Copy each entry as written.

**INPUT MATERIAL:**
*-*-*

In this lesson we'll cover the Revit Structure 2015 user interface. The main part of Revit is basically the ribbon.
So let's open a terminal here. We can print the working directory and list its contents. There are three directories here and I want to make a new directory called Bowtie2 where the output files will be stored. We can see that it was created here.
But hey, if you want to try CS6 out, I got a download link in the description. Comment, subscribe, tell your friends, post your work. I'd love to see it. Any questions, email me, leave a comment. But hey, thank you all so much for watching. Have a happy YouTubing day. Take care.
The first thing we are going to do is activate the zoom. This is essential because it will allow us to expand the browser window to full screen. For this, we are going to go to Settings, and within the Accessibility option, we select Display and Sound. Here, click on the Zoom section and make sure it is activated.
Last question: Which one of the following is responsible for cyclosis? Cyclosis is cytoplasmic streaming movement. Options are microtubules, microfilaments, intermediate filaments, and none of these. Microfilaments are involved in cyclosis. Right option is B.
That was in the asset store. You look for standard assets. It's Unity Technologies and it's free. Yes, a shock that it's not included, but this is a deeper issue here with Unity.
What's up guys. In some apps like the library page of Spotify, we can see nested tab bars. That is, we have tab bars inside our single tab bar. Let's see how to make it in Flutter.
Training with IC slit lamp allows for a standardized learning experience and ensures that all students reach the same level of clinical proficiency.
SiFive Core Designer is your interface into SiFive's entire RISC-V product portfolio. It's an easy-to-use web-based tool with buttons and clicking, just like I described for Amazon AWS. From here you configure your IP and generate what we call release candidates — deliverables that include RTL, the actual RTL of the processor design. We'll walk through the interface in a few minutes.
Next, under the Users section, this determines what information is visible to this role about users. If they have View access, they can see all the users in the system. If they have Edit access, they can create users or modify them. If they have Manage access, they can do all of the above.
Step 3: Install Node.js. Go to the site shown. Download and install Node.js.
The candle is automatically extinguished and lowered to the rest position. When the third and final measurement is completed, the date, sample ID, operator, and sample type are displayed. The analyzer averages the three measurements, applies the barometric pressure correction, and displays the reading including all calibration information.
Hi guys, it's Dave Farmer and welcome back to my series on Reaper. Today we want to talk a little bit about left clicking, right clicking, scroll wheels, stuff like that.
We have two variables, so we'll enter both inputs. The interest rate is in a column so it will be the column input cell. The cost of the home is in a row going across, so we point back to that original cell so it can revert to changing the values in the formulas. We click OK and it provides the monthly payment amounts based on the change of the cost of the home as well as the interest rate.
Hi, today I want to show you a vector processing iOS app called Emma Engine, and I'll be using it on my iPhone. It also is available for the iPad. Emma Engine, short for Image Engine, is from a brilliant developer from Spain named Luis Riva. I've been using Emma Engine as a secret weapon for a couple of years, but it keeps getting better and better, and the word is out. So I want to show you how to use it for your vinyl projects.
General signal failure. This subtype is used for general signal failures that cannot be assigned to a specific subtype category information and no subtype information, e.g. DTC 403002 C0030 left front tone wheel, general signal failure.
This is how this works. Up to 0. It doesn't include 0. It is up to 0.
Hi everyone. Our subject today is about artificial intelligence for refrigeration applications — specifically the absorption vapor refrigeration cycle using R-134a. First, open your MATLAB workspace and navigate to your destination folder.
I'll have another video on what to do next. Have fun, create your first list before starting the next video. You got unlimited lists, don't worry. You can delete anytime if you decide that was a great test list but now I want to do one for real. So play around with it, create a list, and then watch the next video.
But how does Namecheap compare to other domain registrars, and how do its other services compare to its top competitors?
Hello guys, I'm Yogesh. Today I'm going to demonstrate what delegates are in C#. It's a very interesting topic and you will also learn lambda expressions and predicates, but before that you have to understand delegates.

*-*-*

**ANSWER BOX:**
In this lesson we'll cover the Revit Structure 2015 user interface. The main part of Revit is basically the ribbon.
So let's open a terminal here. We can print the working directory and list its contents. There are three directories here and I want to make a new directory called Bowtie2 where the output files will be stored. We can see that it was created here.
But hey, if you want to try CS6 out, I got a download link in the description. Comment, subscribe, tell your friends, post your work. I'd love to see it. Any questions, email me, leave a comment. But hey, thank you all so much for watching. Have a happy YouTubing day. Take care.
The first thing we are going to do is activate the zoom. This is essential because it will allow us to expand the browser window to full screen. For this, we are going to go to Settings, and within the Accessibility option, we select Display and Sound. Here, click on the Zoom section and make sure it is activated.
Last question: Which one of the following is responsible for cyclosis? Cyclosis is cytoplasmic streaming movement. Options are microtubules, microfilaments, intermediate filaments, and none of these. Microfilaments are involved in cyclosis. Right option is B.
That was in the asset store. You look for standard assets. It's Unity Technologies and it's free. Yes, a shock that it's not included, but this is a deeper issue here with Unity.
What's up guys. In some apps like the library page of Spotify, we can see nested tab bars. That is, we have tab bars inside our single tab bar. Let's see how to make it in Flutter.
Training with IC slit lamp allows for a standardized learning experience and ensures that all students reach the same level of clinical proficiency.
SiFive Core Designer is your interface into SiFive's entire RISC-V product portfolio. It's an easy-to-use web-based tool with buttons and clicking, just like I described for Amazon AWS. From here you configure your IP and generate what we call release candidates — deliverables that include RTL, the actual RTL of the processor design. We'll walk through the interface in a few minutes.
Next, under the Users section, this determines what information is visible to this role about users. If they have View access, they can see all the users in the system. If they have Edit access, they can create users or modify them. If they have Manage access, they can do all of the above.
Step 3: Install Node.js. Go to the site shown. Download and install Node.js.
The candle is automatically extinguished and lowered to the rest position. When the third and final measurement is completed, the date, sample ID, operator, and sample type are displayed. The analyzer averages the three measurements, applies the barometric pressure correction, and displays the reading including all calibration information.
Hi guys, it's Dave Farmer and welcome back to my series on Reaper. Today we want to talk a little bit about left clicking, right clicking, scroll wheels, stuff like that.
We have two variables, so we'll enter both inputs. The interest rate is in a column so it will be the column input cell. The cost of the home is in a row going across, so we point back to that original cell so it can revert to changing the values in the formulas. We click OK and it provides the monthly payment amounts based on the change of the cost of the home as well as the interest rate.
Hi, today I want to show you a vector processing iOS app called Emma Engine, and I'll be using it on my iPhone. It also is available for the iPad. Emma Engine, short for Image Engine, is from a brilliant developer from Spain named Luis Riva. I've been using Emma Engine as a secret weapon for a couple of years, but it keeps getting better and better, and the word is out. So I want to show you how to use it for your vinyl projects.
General signal failure. This subtype is used for general signal failures that cannot be assigned to a specific subtype category information and no subtype information, e.g. DTC 403002 C0030 left front tone wheel, general signal failure.
This is how this works. Up to 0. It doesn't include 0. It is up to 0.
Hi everyone. Our subject today is about artificial intelligence for refrigeration applications — specifically the absorption vapor refrigeration cycle using R-134a. First, open your MATLAB workspace and navigate to your destination folder.
I'll have another video on what to do next. Have fun, create your first list before starting the next video. You got unlimited lists, don't worry. You can delete anytime if you decide that was a great test list but now I want to do one for real. So play around with it, create a list, and then watch the next video.
But how does Namecheap compare to other domain registrars, and how do its other services compare to its top competitors?
Hello guys, I'm Yogesh. Today I'm going to demonstrate what delegates are in C#. It's a very interesting topic and you will also learn lambda expressions and predicates, but before that you have to understand delegates.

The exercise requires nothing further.